_Exercise requirements_
Copy out, exactly as written, only the line containing "Read Slam Dunk (fr) Manga Online" and the lines after it through the end of the records.
[Opening Dataset content section]
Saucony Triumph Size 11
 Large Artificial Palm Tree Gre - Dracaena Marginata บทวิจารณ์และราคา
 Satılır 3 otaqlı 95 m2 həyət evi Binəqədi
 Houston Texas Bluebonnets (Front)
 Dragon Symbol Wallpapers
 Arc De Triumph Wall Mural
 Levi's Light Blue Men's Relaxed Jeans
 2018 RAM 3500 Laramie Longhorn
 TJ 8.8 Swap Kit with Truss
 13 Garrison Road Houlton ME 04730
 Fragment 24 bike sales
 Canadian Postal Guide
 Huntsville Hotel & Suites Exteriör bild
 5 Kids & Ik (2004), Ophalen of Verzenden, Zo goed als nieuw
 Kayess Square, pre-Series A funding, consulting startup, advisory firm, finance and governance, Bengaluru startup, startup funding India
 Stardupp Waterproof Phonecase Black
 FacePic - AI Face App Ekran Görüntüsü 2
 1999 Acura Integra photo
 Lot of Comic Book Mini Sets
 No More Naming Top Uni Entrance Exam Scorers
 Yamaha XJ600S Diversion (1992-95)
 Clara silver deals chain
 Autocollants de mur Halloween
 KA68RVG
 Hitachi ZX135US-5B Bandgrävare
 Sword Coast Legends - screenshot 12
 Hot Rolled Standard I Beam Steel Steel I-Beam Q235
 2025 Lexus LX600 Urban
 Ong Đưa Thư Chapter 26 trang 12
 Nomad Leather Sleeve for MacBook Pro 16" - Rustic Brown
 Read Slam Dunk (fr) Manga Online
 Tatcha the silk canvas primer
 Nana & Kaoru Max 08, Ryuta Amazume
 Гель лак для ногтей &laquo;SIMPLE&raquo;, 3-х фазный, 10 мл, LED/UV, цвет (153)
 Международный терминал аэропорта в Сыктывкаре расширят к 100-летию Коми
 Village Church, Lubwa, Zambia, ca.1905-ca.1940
[Closing Dataset content section]
_Exercise answer_
 Read Slam Dunk (fr) Manga Online
 Tatcha the silk canvas primer
 Nana & Kaoru Max 08, Ryuta Amazume
 Гель лак для ногтей &laquo;SIMPLE&raquo;, 3-х фазный, 10 мл, LED/UV, цвет (153)
 Международный терминал аэропорта в Сыктывкаре расширят к 100-летию Коми
 Village Church, Lubwa, Zambia, ca.1905-ca.1940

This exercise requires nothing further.